GMP unboxed number representation

Marcin 'Qrczak' Kowalczyk qrczak@knm.org.pl
Mon, 7 May 2001 20:54:42 +0200


On Mon, May 07, 2001 at 07:45:59PM +0200, Hans Aberg wrote:

>   typedef struct  {
>     _mp_int _mp_s;     /* Small number representation. */
>     mp_limb_t *_mp_d;  /* Pointer to the limbs and all other data.  */
>   } __mpz_struct;
> where simply _mp_d is set to NULL if one is using the small number
> representation.

Does _mp_s have a meaning when _mp_d is not NULL? Or do you keep the
used size and allocated size under _mp_d? The latter is good that
it's not necessary to copy these sizes into gmp structures separately
but they live inside the ByteArray#.

There are no null ByteArray#s. The GC currently aborts if a null
pointer is found when a Haskell object is expected (C pointers are
tagged like Int# etc., i.e. as nonpointers, and ByteArray#s are tagged
like Haskell objects, even though they are not exactly normal Haskell
objects).

This could be probably changed (unless the benefit of having this
ASSERT for debugging the GC is large; I doubt it). Depending on this
I see two choices for Integer representation in ghc, with the second
looking really well:

1.
    data Integer
        = S# Int#
        | J# ByteArray# -- Size no longer needed here.

Primops have a hard case for returning the appropriate data.
This is ugly:
    case primSomething# args of
        (# 0, s, _ #) -> S# s
        (# _, _, d #) -> J# d
and I'm not sure that using a dummy ByteArray# and checking the
pointer equality would work well.

2. Let the GC ignore null pointers. Introduce nullByteArray# primop.
Mirror the gmp representation exactly and let gmp perform arithmetic
on all numbers:

    data Integer = J# Int# ByteArray#

It's still best if _mp_int has the size of a pointer.

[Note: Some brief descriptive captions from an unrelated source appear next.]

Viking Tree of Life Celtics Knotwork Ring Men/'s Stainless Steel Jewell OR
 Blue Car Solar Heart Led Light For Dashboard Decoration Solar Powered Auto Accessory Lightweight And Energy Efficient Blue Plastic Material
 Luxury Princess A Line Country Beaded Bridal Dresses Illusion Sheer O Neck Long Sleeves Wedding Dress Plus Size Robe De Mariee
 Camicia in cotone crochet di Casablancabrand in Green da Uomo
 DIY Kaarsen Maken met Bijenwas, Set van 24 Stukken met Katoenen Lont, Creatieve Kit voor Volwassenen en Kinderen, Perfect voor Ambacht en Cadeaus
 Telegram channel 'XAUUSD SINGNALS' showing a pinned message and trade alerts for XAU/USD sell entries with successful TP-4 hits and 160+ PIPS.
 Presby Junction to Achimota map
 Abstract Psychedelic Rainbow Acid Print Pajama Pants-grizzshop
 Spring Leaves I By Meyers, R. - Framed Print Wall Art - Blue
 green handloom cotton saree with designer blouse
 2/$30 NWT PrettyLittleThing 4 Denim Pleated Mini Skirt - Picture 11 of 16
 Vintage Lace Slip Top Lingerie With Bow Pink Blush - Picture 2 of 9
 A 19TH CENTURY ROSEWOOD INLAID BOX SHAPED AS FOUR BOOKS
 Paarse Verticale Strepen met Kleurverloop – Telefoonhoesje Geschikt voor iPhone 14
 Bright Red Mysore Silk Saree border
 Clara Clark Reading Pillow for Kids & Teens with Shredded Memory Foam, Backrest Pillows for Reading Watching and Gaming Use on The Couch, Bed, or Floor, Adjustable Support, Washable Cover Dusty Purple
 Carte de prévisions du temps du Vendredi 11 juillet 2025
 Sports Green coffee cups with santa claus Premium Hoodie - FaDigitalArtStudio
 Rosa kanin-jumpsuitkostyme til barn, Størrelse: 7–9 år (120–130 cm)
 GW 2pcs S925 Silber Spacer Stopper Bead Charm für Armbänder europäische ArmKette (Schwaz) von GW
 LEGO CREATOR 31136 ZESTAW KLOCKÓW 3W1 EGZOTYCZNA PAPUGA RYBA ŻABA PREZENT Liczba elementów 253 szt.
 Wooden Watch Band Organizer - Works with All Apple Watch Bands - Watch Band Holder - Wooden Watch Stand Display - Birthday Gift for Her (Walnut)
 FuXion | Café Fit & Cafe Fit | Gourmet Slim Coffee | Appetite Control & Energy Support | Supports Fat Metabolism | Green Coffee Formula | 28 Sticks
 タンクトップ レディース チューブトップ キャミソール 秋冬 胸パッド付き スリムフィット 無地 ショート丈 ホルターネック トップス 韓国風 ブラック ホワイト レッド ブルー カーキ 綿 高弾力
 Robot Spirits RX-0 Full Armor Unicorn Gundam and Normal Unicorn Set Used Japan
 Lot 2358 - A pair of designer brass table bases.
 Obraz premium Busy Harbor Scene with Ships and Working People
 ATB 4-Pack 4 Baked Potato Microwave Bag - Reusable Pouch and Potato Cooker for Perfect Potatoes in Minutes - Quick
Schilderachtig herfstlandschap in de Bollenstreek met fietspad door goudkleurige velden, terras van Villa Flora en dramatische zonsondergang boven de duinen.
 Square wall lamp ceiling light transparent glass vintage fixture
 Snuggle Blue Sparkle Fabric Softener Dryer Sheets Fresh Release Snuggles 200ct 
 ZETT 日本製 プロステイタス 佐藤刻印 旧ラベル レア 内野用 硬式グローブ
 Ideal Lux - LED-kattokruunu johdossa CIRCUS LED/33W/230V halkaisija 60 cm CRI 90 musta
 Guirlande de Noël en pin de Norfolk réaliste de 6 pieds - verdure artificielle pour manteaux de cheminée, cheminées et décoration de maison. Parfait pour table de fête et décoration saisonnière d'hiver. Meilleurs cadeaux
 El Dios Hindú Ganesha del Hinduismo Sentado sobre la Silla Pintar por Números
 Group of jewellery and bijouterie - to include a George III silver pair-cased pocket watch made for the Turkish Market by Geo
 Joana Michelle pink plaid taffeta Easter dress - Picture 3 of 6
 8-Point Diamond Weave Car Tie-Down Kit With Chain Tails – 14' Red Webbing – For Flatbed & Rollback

> I am not sure what you mean here; in what context should these
> integer literals be entered?

When the programmer writes for example:

f :: Integer -> Integer
f x = 54321453245328452134 - x

the compiler must generate code which makes a mpz constant of the
right value.

Currently it generates something like this:

lvl = S# 2147483647#
lit = ((((S# 11# `timesInteger` lvl) `plusInteger` S# 1673077741#)
      `timesInteger` lvl) `plusInteger` S# 914624008#)
f x = lit `minusInteger` x

It used to generate something like this:

lit = case addr2Integer# "54321453245328452134"# of (# s, d #) -> J# s d
f = lit `minusInteger` x

-- 
 __("<  Marcin Kowalczyk * qrczak@knm.org.pl http://qrczak.ids.net.pl/
 \__/
  ^^                      SYGNATURA ZASTĘPCZA
QRCZAK